Is een opzegtermijn van meer dan één maand in een duurovereenkomst
tussen een handelaar en een consument in de hele EU zonder meer
oneerlijk? Maakt het uit of daar een lagere abonnementsprijs tegenover
staat? Hangt de oneerlijkheid van de termijn af van de vraag of de
consument op die termijn is gewezen? Of is van belang dat een nationale
consumentenorganisatie bij de totstandkoming van de voorwaarde
betrokken is geweest? In Nederland verbiedt de initiatiefwet Van Dam,
die in januari 2012 in werking treedt, dat de consument een
opzegtermijn van meer dan één maand wordt opgelegd. In Frankrijk
daarentegen is beslissend of de handelaar aan dezelfde termijn is
gebonden en of er kosten aan het opzeggen zijn verbonden. En in
Engeland geeft de vraag of de consument over het beding is geïnformeerd
mogelijk de doorslag.
Charlotte Pavillon ging na hoe beide open oneerlijkheidsnormen in
Nederland, Frankrijk en Engeland worden uitgelegd en toegepast en keek
naar de nationale omzettings- en handhavingskeuzes. Het bleek dat in de
onderzochte lidstaten verschillend met de open normen wordt omgegaan en
dat Europese harmonisatie in de praktijk uitblijft.
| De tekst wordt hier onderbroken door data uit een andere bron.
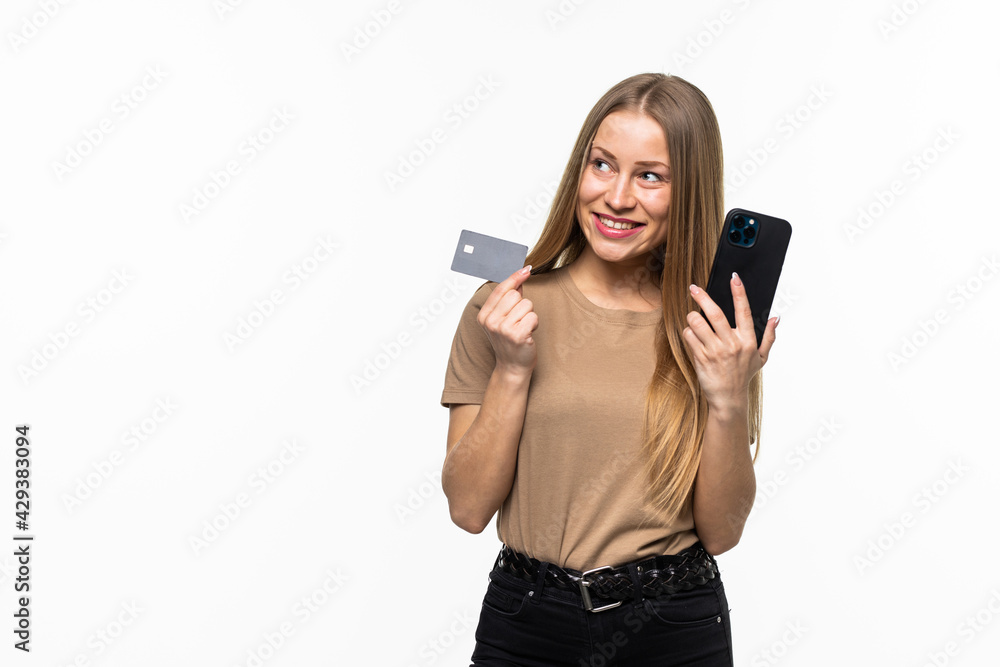 Young woman holding credit card and using smartphone isolated on a white background Young woman holding credit card and using smartphone isolated on a white background
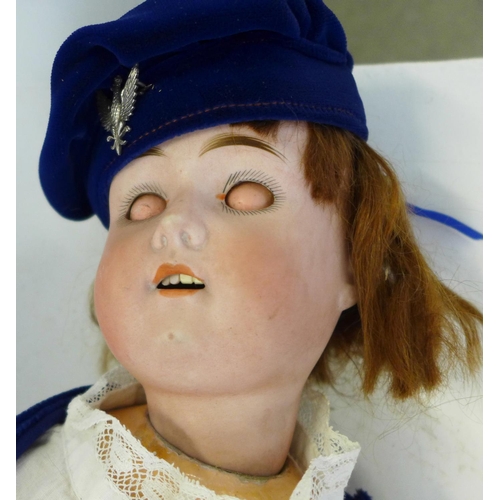 828 - A German Goebel bisque head doll with pale blue sleep eyes, 120 5 Bavaria identification mark, circa... 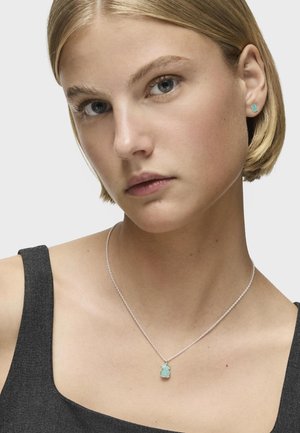 Turkusowy wisiorek na srebrnym łańcuszku, noszony z dopasowanymi kolczykami wkrętami; modelka ma krótkie, proste blond włosy i szary top.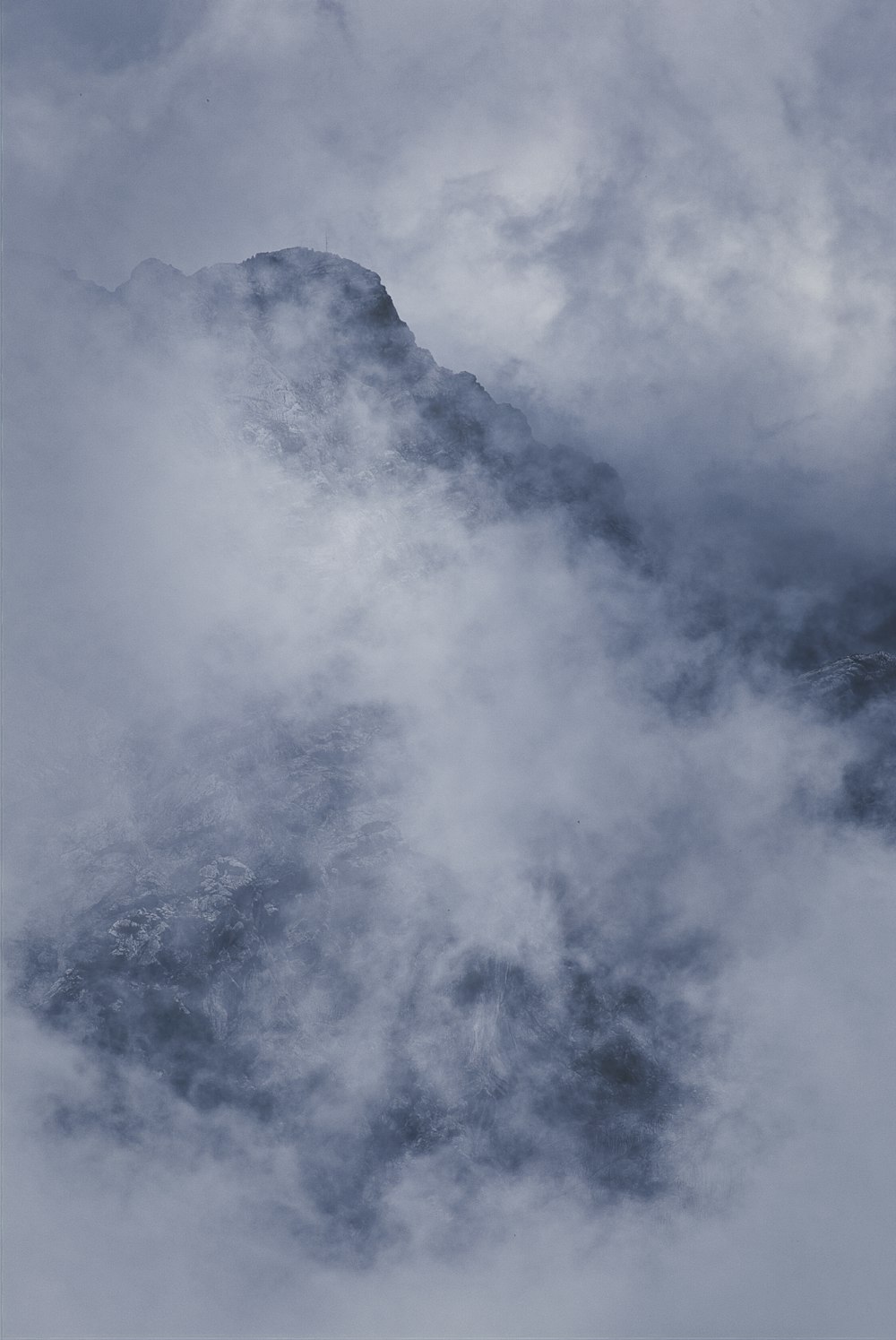 a large mountain covered in clouds in the sky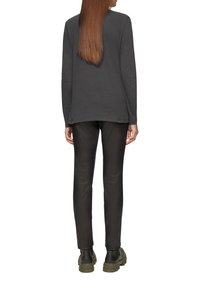 Zwarte lange mouwen shirt met eenRelaxte pasvorm en een ronde halslijn, gecombineerd met strakke zwarte broek en chunky zwarte laarzen met groene zolen.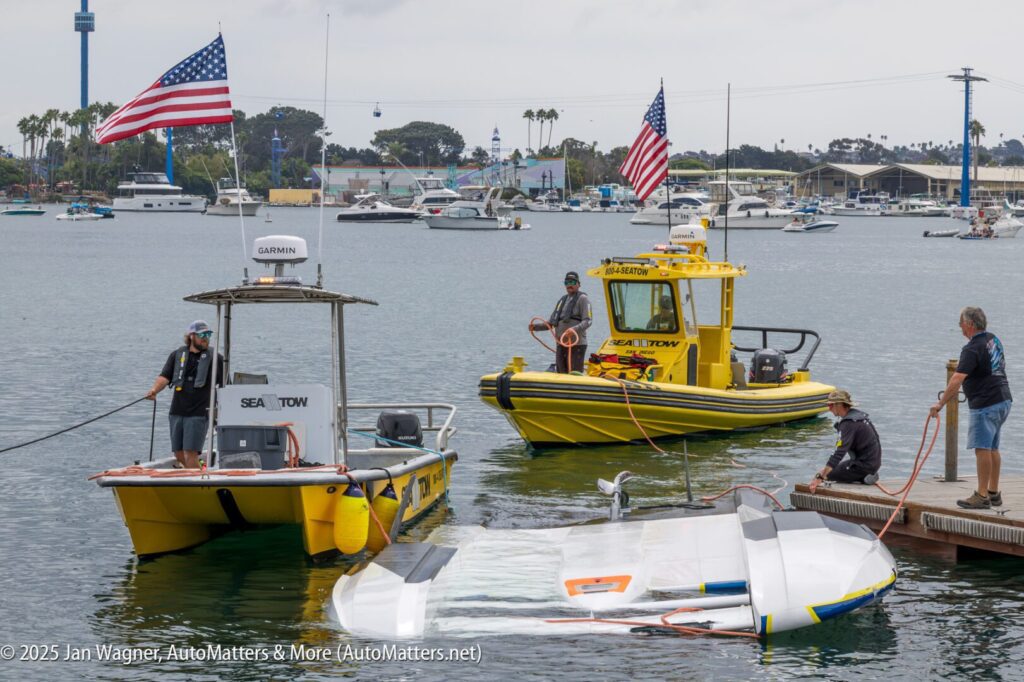 Two rescue boats assist with the recovery of a capsized sailboat near a dock, as several people manage ropes and lines.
Pavillon vergeleek de invloed van het nationale en het Europese
referentiekader op de uitleg en toepassing van de oneerlijkheidsnormen.
Zij concludeert dat de beschikbare Europese `handvatten' niet in staat
zijn om een geharmoniseerde uitleg en toepassing van die normen te
bewerkstelligen en stelt verschillende maatregelen voor die de
harmonisatie in de praktijk kunnen bevorderen. Meer transnationaal
overleg tussen wetgevers en tussen handhavende instanties, een minder
op de bijzondere omstandigheden van het geval gerichte toets waarbij
gebruik wordt gemaakt van vaste, geobjectiveerde gezichtspunten, en een
eenduidige uitleg van de open normen door het Hof van Justitie zouden
de harmonisatie in de praktijk ten goede komen. Met andere woorden: de
harmonisatie van open normen vergt meer afstemming, abstractie en
autonome interpretatie.
Charlotte Pavillon (Groningen, 1980) studeerde Beleid en Bestuur in
Internationale Organisaties, alsmede Europees en Internationaal Recht
aan de Rijksuniversiteit Groningen. Zij verrichtte haar onderzoek bij
de vakgroep Privaatrecht en Notarieel recht. Zij is thans postdoc
onderzoekster bij het Groningen Centre for Law and Governance. Van het
proefschrift verschijnt een handelseditie bij uitgeverij Kluwer.